Bernie Boyle, who runs the local organization, said the rising cost of heating, declining membership and the age of the structure are making operations more difficult.
"This building is at a real crossroads, no doubt about it," Boyle said during an interview on Monday. "It's starting to decay and fall apart." The Knights of Columbus first organized in Butte in 1902; the three-story building was erected at the Park and Idaho in 1917.
In its heyday, more than 1,000 people belonged to the all-male, Catholic fraternity in Butte, Boyle said. Now, though it is open to women, its dues-paying membership has dipped to around 160.
That means income for the organization has decreased, yet the cost of running the building has gotten more expensive each year.
The leaky, 20-year-old roof is in desperate need of replacement, and also lacks energy efficiency. The building's power bill alone was more than $1,700 last month, said Boyle.
Problems also exist with the plumbing: original galvanized pipes are in danger of breaking at any time, likely meaning the end of the K of C.
"We don't have fire insurance, liability insurance," said Boyle. "In an old place like this we just can't afford it.
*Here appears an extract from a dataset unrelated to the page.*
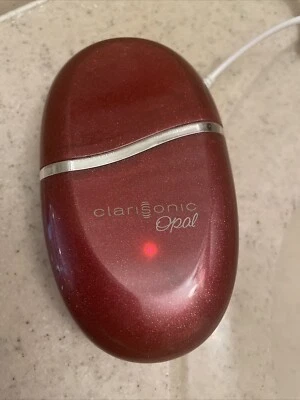 Sistema de infusión sónica Clarisonic Opal con cargador Foto 1 de 4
If there was a catastrophe, we'd be done." It would be a quick end to one of the longest running organizations in the city, but Boyle is determined to do what he can to rescue it.
The K of C building recently updated its lighting with help from Butte-Silver Bow and NorthWestern Energy, which has saved money.
KC also applied for a competitive state historic preservation grant, which could be worth upwards of $300,000. It's unknown yet whether the money will come through.
It would greatly help save the building, but the wish list of things they'd like to fix is long.
"First thing is to solidify the roof," said Boyle. "Then try and replace all the plumbing that is original. There is a lot of wiring that needs to be changed. We'd like to put some money upstairs and get a new hot water heating system." But Boyle believes the KC can survive.
"It's not that far gone," he said.
A spacious and unique second-floor ballroom needs only a paint job and new hardwood floors to be used for weddings or other ceremonies, and its downstairs dining room and bar are in relatively good condition. It often hosts funeral receptions, which the KC offers for donation only.
Its bar is open nightly, helping to provide a revenue stream, and special dinners are offered throughout the week.
The gymnasium, which hosts a men's basketball league Monday through Thursday and kids' games on the weekends, is in excellent shape, he said. A small exercise facility has more than 150 members, many of whom visit religiously.
Jack Haffey of Anaconda makes the trip about four times a week, he said.
"It's an icon in Butte, Montana," said Haffey. "It's as nice a place as you can find for workout and exercise opportunities and camaraderie with the people there is excellent." Boyle said keeping the building in use is his top concern.
But he feels that a large cash infusion is necessary, too.
"We need some serious carpenters, plumbers, electricians, and some serious money to get this running," he said.